The Ta-Da List:
Developing the habit of acknowledging your accomplishments -- large and small -- is a powerful way to maintain your optimism and energy, especially when the demands of work and life go into over-drive. Here's some guidance to get started on your "Ta Da List":
Identify at least three things you accomplished today (or any other timeframe): It may be tempting to make this list all inclusive but that's not necessary. Start with just a few items that come up for you. As you write these out, you may remember more and can certainly add them to the list. Just don't stress about getting it all down. The idea is not to turn this into another task that burdens you further.
Pay attention: At the beginning, you may not realize what may account for something worthy of your "Ta Da" list. We tend to take ourselves for granted. Notice and grab those 'got it done' bits - they really do count. The other night I was admiring my clean coffee table. I had just finally cleared off the piles of saved articles, papers, notes that were cluttering it up. I'd been procrastinating for too long yet when I eventually did get to it, I realized that it was a 'Ta Da'! It felt great to have the clean table - but also to add it to my list. Ta da!!!!!
No accomplishment is too small: Like the coffee table example, no 'Ta Da' is too small if it meant something to you. While acknowledging the big accomplishments is important, it's equally energizing to acknoweldge little things too, especially for procrastinators. So if cleaning up your desk was something on your 'to-do list' for too long and you finally got around to it - add it to the Ta Da List!
Write it down: The act of writing it down (vs. simply thinking it) gives more focus to the intention of 'owning' and recognizing your accomplishment and deepens the awareness. Sometimes, the writing will prompt additional recall of other items worth noting. As well, if you write it down (paper, computer, PDA, etc) you can have a look back at the growing list -- which can be a "mojo-boosting' reflective practice.

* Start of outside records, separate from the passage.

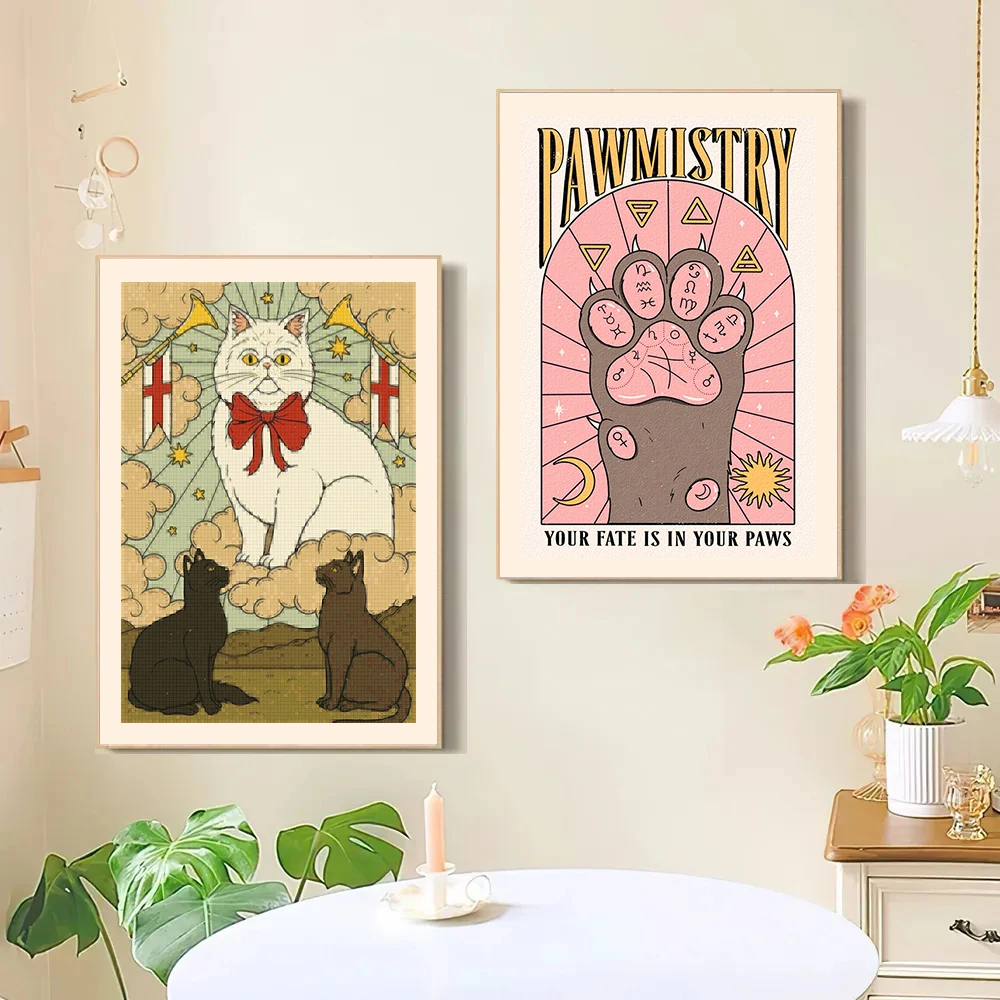 Cartoon Raccoon Cat Diamond Painting Tarot Retro Poster Full Of Diamonds DIY Mosaic Embroidery Handmade New Product Promotion diamond painting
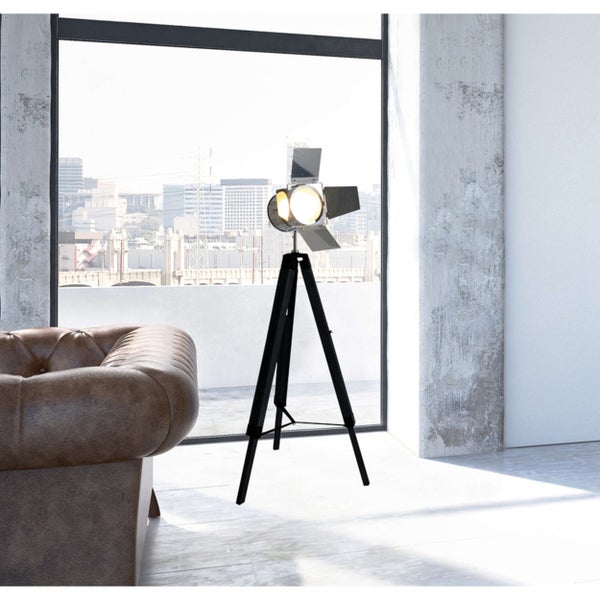Stehleuchte Dreibein HOLLY, Stehlampe aus Metall in Schwarz, mit E27-Fassung, 100-140 cm hoch, Leuchte für Wohnzimmer, Esszimmer oder Büro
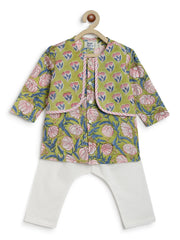Tiber Taber Baby Boys Green and White Cotton Floral Printed Kurta Jacket and Pant Set Regular Fit Festive Wear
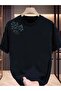Women's Black Shoulder Leaf Printed Oversize T-Shirt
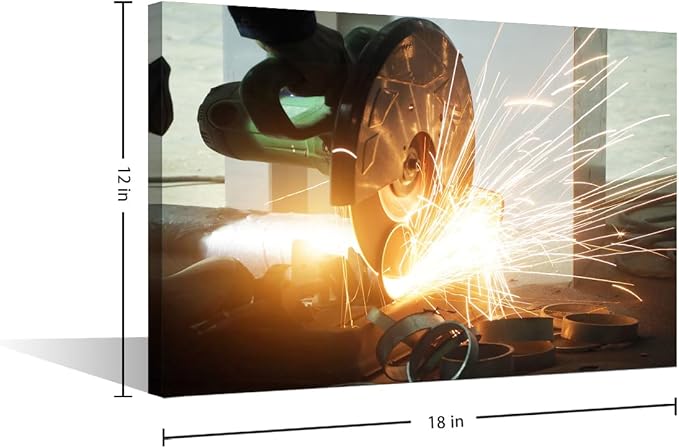 TUMOVO Machine Tools Paintings for Wall Decorations 1 Panel Wall Art Canvas Artwork Wall Decor Canvas Frame Art Prints Angular Grinding Machine Wall Art Modern Canvas Wall Art, 12" x18"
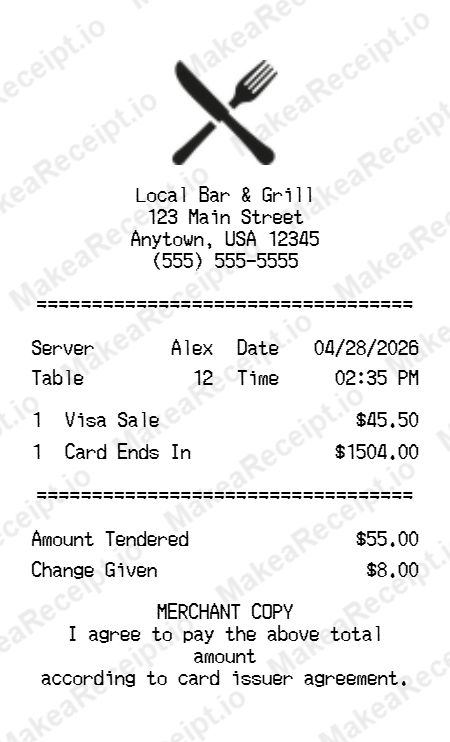 Tip Receipt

Ta Da regularly: Determine what frequency makes sense to you. For some people, taking a few moments at the end of each day may be the right frequency. For others, it may be weekly or adhoc. The idea is to acknowledge often enough to give balance in your perspective when it seems you just can't get ahead of all that you need to get done. It's a worthwhile habit because it is all too easy to slip into the "I haven't done enough' default trap which is so demoralizing.